- The task -
The data below is to be retyped exactly, line by line.

*** Data extracts ***

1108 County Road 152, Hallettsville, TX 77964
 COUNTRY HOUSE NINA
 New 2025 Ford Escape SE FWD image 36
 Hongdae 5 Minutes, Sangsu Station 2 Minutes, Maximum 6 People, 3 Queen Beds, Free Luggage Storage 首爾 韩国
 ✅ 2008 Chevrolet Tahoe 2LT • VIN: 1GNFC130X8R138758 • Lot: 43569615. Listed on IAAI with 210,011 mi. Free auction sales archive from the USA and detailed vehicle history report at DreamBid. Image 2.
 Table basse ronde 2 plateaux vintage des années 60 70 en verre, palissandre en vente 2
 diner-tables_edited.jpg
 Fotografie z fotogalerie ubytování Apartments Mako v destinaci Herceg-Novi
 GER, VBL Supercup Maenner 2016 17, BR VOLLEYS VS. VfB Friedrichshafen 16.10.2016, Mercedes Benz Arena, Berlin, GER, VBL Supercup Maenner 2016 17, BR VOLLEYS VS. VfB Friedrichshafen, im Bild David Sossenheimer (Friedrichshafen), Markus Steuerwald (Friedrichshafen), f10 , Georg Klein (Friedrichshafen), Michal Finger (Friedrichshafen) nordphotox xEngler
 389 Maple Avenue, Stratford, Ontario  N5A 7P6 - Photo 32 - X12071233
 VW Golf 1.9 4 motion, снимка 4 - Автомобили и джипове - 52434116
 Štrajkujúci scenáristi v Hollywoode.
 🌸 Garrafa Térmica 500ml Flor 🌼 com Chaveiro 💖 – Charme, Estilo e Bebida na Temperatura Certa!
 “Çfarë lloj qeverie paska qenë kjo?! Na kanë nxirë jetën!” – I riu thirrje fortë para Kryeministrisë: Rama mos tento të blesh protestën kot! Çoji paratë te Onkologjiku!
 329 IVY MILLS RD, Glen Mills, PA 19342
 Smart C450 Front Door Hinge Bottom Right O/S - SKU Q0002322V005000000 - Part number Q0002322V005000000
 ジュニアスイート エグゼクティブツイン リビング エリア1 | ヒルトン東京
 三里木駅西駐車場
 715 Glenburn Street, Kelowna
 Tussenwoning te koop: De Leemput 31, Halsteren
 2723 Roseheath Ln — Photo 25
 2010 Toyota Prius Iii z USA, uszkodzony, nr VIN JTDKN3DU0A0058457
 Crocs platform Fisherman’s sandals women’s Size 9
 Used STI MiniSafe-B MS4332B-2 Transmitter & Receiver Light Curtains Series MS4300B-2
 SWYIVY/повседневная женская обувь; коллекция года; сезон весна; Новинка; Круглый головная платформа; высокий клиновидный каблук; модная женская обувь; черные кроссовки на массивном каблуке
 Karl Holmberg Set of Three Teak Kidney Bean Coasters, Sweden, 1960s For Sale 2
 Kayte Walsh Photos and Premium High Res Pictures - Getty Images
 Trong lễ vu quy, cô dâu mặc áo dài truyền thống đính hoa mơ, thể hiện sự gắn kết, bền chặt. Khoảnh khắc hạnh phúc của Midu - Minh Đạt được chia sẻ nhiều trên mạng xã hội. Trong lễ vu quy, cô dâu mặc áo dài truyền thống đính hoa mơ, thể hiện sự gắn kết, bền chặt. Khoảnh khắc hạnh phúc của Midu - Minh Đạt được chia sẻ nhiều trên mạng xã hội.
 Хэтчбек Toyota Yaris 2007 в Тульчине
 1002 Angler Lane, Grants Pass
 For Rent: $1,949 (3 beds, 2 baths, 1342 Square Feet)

*** End of Data extracts ***

- Reply to the exercise -
1108 County Road 152, Hallettsville, TX 77964
 COUNTRY HOUSE NINA
 New 2025 Ford Escape SE FWD image 36
 Hongdae 5 Minutes, Sangsu Station 2 Minutes, Maximum 6 People, 3 Queen Beds, Free Luggage Storage 首爾 韩国
 ✅ 2008 Chevrolet Tahoe 2LT • VIN: 1GNFC130X8R138758 • Lot: 43569615. Listed on IAAI with 210,011 mi. Free auction sales archive from the USA and detailed vehicle history report at DreamBid. Image 2.
 Table basse ronde 2 plateaux vintage des années 60 70 en verre, palissandre en vente 2
 diner-tables_edited.jpg
 Fotografie z fotogalerie ubytování Apartments Mako v destinaci Herceg-Novi
 GER, VBL Supercup Maenner 2016 17, BR VOLLEYS VS. VfB Friedrichshafen 16.10.2016, Mercedes Benz Arena, Berlin, GER, VBL Supercup Maenner 2016 17, BR VOLLEYS VS. VfB Friedrichshafen, im Bild David Sossenheimer (Friedrichshafen), Markus Steuerwald (Friedrichshafen), f10 , Georg Klein (Friedrichshafen), Michal Finger (Friedrichshafen) nordphotox xEngler
 389 Maple Avenue, Stratford, Ontario  N5A 7P6 - Photo 32 - X12071233
 VW Golf 1.9 4 motion, снимка 4 - Автомобили и джипове - 52434116
 Štrajkujúci scenáristi v Hollywoode.
 🌸 Garrafa Térmica 500ml Flor 🌼 com Chaveiro 💖 – Charme, Estilo e Bebida na Temperatura Certa!
 “Çfarë lloj qeverie paska qenë kjo?! Na kanë nxirë jetën!” – I riu thirrje fortë para Kryeministrisë: Rama mos tento të blesh protestën kot! Çoji paratë te Onkologjiku!
 329 IVY MILLS RD, Glen Mills, PA 19342
 Smart C450 Front Door Hinge Bottom Right O/S - SKU Q0002322V005000000 - Part number Q0002322V005000000
 ジュニアスイート エグゼクティブツイン リビング エリア1 | ヒルトン東京
 三里木駅西駐車場
 715 Glenburn Street, Kelowna
 Tussenwoning te koop: De Leemput 31, Halsteren
 2723 Roseheath Ln — Photo 25
 2010 Toyota Prius Iii z USA, uszkodzony, nr VIN JTDKN3DU0A0058457
 Crocs platform Fisherman’s sandals women’s Size 9
 Used STI MiniSafe-B MS4332B-2 Transmitter & Receiver Light Curtains Series MS4300B-2
 SWYIVY/повседневная женская обувь; коллекция года; сезон весна; Новинка; Круглый головная платформа; высокий клиновидный каблук; модная женская обувь; черные кроссовки на массивном каблуке
 Karl Holmberg Set of Three Teak Kidney Bean Coasters, Sweden, 1960s For Sale 2
 Kayte Walsh Photos and Premium High Res Pictures - Getty Images
 Trong lễ vu quy, cô dâu mặc áo dài truyền thống đính hoa mơ, thể hiện sự gắn kết, bền chặt. Khoảnh khắc hạnh phúc của Midu - Minh Đạt được chia sẻ nhiều trên mạng xã hội. Trong lễ vu quy, cô dâu mặc áo dài truyền thống đính hoa mơ, thể hiện sự gắn kết, bền chặt. Khoảnh khắc hạnh phúc của Midu - Minh Đạt được chia sẻ nhiều trên mạng xã hội.
 Хэтчбек Toyota Yaris 2007 в Тульчине
 1002 Angler Lane, Grants Pass
 For Rent: $1,949 (3 beds, 2 baths, 1342 Square Feet)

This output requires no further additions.